# Solved: MacBook Pro Fans



## dannyn (Nov 9, 2007)

I have a mac book pro.. when i turn the machine off the fans still run and there is still power to the usb ports...i dont rember it doing this until recently.. whats wrong? thanks
Dan


----------



## namenotfound (Apr 30, 2005)

I think the fan, etc. still runs for another few seconds, then shuts off. Give it some more time.

You'll know when it's fully off by closing the lid. If the little white light near the release button isn't lit, that means it's fully off.


----------



## Headrush (Feb 9, 2005)

It's not unusual for USB ports to remain powered when the machine is off.
(It's not Mac specific either.)


----------



## dannyn (Nov 9, 2007)

thanks for the replies.... but the usb power is not supposed to stay on.... it needs to get powered off with the machine and it does when it shuts off.... so i know shouldn't stay on...

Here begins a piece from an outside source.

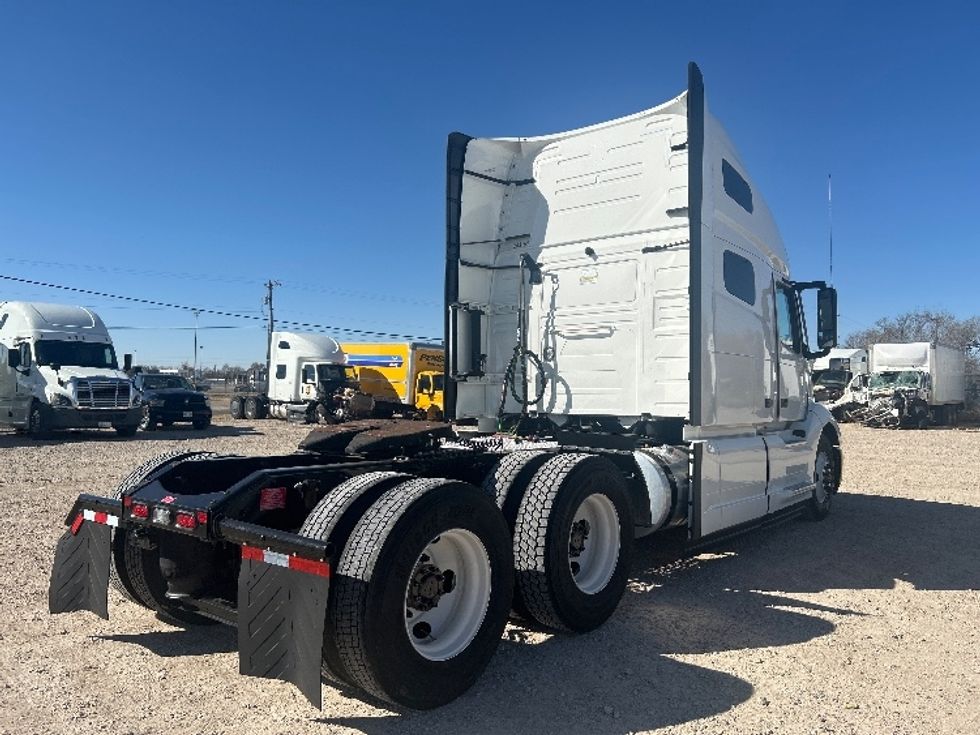 Sleeper Tractor-Heavy Duty Tractors-Volvo-2024-VNL64760-Amarillo-TX-442,131\n\t\tmiles-$ 99,000 - Image 7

also the light on the machine turns off and the screen turns off and the fans still run....but i know that the hard disk turns off too.


----------



## SoltoN (Jul 5, 2007)

It could be the power management is screwed up, something similar happened to my macbook and i didnt have a fix to it until recently. I was watching an episode of Tekzilla, and they showed how to reset the power management on a apple laptop.

Shut the power to the machine off.
Unplug it from the wall.
take the battery out.
press and hold the power button for a 5 count.
put the battery back in
plug the machine back in
boot up.

see if that helps any.


----------



## dannyn (Nov 9, 2007)

nope..i appreciate it though...
i got to the bottom of this one though.. it was smc fan control... 
it wouldn't shut down with the computer... now i know to close it before shutting down though..
thanks guys!


----------



## dannyn (Nov 9, 2007)

sorry i did mark this solved but i am still having problems with this... i cant figure out why it would do this.. i think i am going to send it back to apple after the holidays... the speed fan thing did work for a few times... but now it is still doing the same thing.. weird.


----------



## SoltoN (Jul 5, 2007)

did you give a shot to what I had posted? here is a link to the procedure for resetting the SMC on apples site.

http://docs.info.apple.com/article.html?artnum=303319

the procedure is the same as what I had posted earlier.


----------



## dannyn (Nov 9, 2007)

yes i did sorry... that didnt work.


----------